Unsung cowboys recognized at Stark exhibit
Last updated 6/5/2018 at Noon
CUTLINE: Sarah Boehme, curator for the Stark Museum of Art, in Orange, looks at the book, "Portraits from Cowboys of Color: Photographs by Don Russell." This exhibit, along with "Cowboys Legends and Life," will be on display at the museum from June 16 through Sept. 29.
RECORD PHOTO: David Ball
For The Record
Sarah Boehme, curator for the Stark Museum of Art, in Orange, believes a portion of Western history has been ignored.
"There's very few African American art ," she said. "Estimates are one-quarter of the cowboys were African American. They were ex-slaves coming West for jobs as cattle raisers. They worked with animals on the plantations and knew how to do it."
For instance, Boehme was looking for some art in the museum of African American cowboys to also display. She discovered, however, she was hard pressed to find any. The one she did find was a chalk drawing of Bob Lemons — a Texas Mustanger who wrangled wild horses.
Consequently, the museum will be hosting a special exhibit, two to be precise — "Portraits from Cowboys of Color: Photographs by Don Russell" and "Cowboy Legends and Life." The exhibits start June 16 and run through to Sept. 29.
The Russell exhibit is based on a book he published. He spent two years taking photographs of cowboys and cowgirls at predominately African American organized rodeos. He also took pictures of other people of color. In addition, he interviewed his subjects and included captions with the photos. He was born in Kentucky, but he now calls Texas home.
The book "Cowboys of Color" is available from standard book outlets.
She said he went to rodeos and he was entranced by the visual images.
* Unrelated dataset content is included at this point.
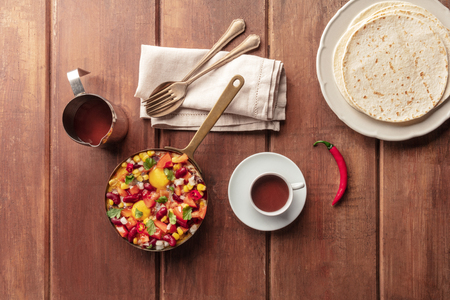 Mexican brekfast. Huevos rancheros, the fried eggs, shot from the top with the pico de gallo salad, hot chocolate, and tortillas on a dark rustic wooden backgroundの写真素材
"This is his only Western project," Boehme said. "He's an outsider looking in at another culture. He photographs the subjects and he communicates important stories and text. The series has great depth. They feed off of each other."
A press release read: "I'm not black. I'm not a cowboy," Russell wrote. "These photographs are of real people. They have real lives with real joys and sorrows. The intent of this portfolio is to make visible the modern black cowboy."
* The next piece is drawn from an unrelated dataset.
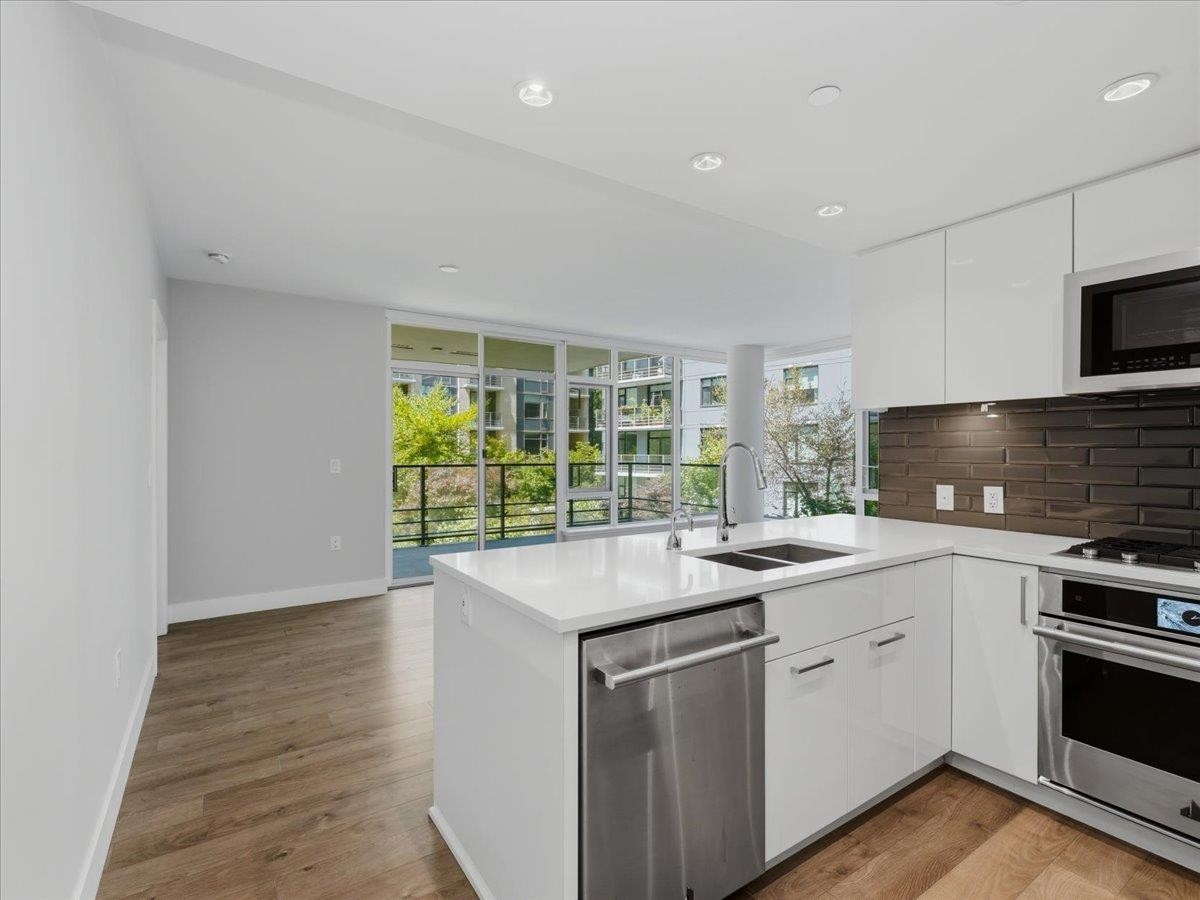 302-8533 River District Crossing, Vancouver, BC - Indoor Photo Showing Kitchen With Stainless Steel Kitchen With Double Sink With Upgraded Kitchen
He further stated few realize there is a black cowboy culture and history.
"The formal portraits taken at the Cowboys of Color Rodeos give us a window into their lives and personalities while they are pursuing their passion of the cowboy and ranching lifestyle," he wrote.
Some of the photographs are in black and white. The exhibit will display 21 of the photographs in which Boehme called, "A good representation of the works." The portraits are recent gifts to the Stark Museum.
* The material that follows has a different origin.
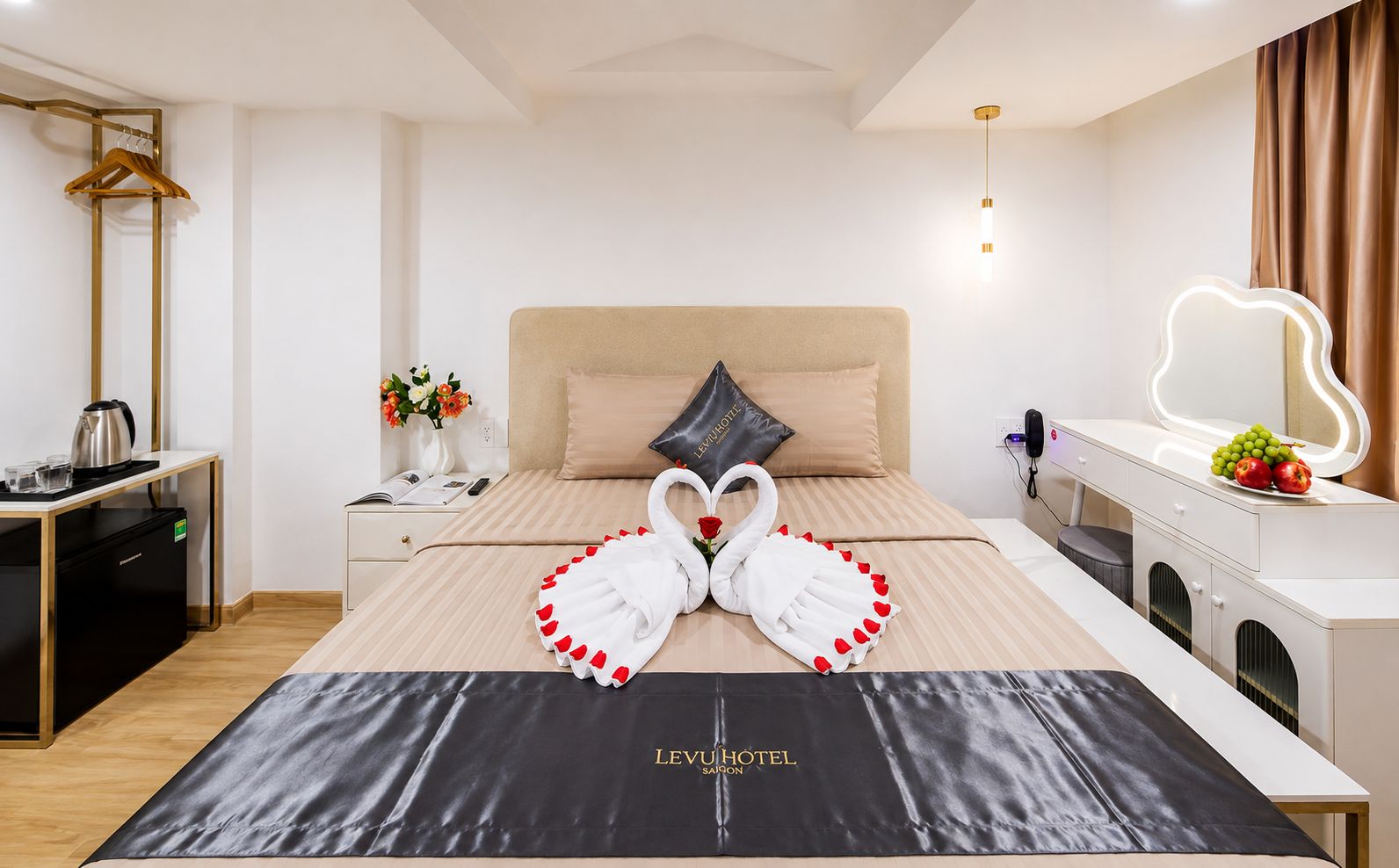 Una camera d'albergo con un letto, un comodino, una scrivania e uno specchio.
In addition to Lemons, some other famous cowboys are Nate Love and Bill Pickett who was well known for bulldogging in rodeos. Another is Myrtis Dightman from Crockett. He was the first African American to reach the national finals in rodeo.
As much of society was at the time, rodeos were segregated and black cowboys had no opportunities to ride in them. So, African Americans formed their own rodeos. Boehme said rodeos are almost like a family for the cowboys and cowgirls.
"It will be a revelation for a lot of people. We're excited to offer these opportunities to address Western history," she said.
"Cowboy Legends and Life" exhibit offers a traditional view of romanticized aspects of cowboy life, Boehme said.
The exhibit presents the theme of the Cowboy as an icon for America, according to a press release. This exhibition explores the imagery of the cowboy and cowgirl in American Western art. It will present both the idealization and the working life of men and women of the West. Paintings, sculptures, drawings, rare books and photographs from the collections of the Stark Museum of Art give a survey from the late
nineteenth century through the art of today.
Artists include: Frederic Remington, Charles Marion Russell, William Herbert Dunton, Frank Tenney Johnson and others. The exhibition will include new acquisitions for the collections including photographs by Richard S. Buswell and Bonnie Schiffman.
Boehme added with the exhibitions concluding on Sept. 29, school groups will still have enough time to book tours in early September when the school year resumes. There will also be a family day in September to be announced.